PROVIDED RECORDS >>
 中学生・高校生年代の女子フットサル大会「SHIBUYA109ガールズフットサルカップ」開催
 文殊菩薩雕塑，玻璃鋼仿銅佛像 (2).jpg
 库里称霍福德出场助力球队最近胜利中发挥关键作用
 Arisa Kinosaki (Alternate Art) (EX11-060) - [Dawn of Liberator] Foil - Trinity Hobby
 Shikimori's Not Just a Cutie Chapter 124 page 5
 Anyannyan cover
* * *
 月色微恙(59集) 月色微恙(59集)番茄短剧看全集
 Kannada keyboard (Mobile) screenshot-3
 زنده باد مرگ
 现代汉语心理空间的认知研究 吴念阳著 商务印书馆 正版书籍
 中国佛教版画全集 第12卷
--
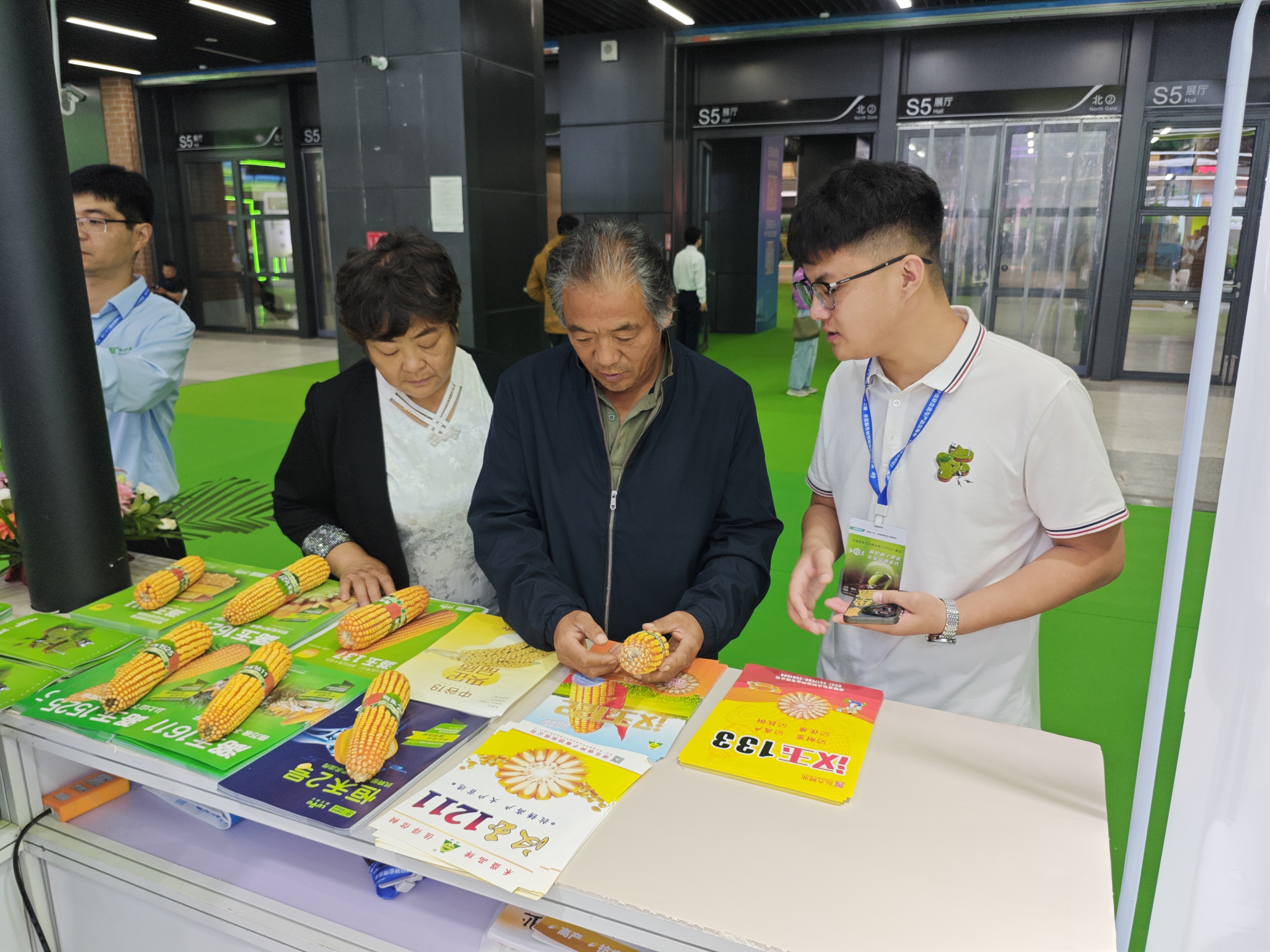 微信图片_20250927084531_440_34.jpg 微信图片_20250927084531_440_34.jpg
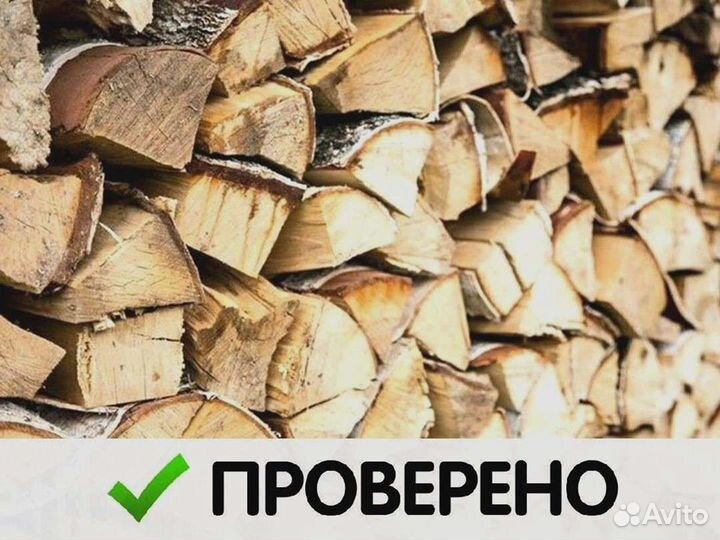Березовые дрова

YOUR GOAL >> When you reach the line holding "中学生・高校生年代の女子フッ" in the records above, begin reproducing exactly, stop after the line holding "Anyannyan cover", and output nothing else.

ANSWER FOR THIS EXERCISE >>
 中学生・高校生年代の女子フットサル大会「SHIBUYA109ガールズフットサルカップ」開催
 文殊菩薩雕塑，玻璃鋼仿銅佛像 (2).jpg
 库里称霍福德出场助力球队最近胜利中发挥关键作用
 Arisa Kinosaki (Alternate Art) (EX11-060) - [Dawn of Liberator] Foil - Trinity Hobby
 Shikimori's Not Just a Cutie Chapter 124 page 5
 Anyannyan cover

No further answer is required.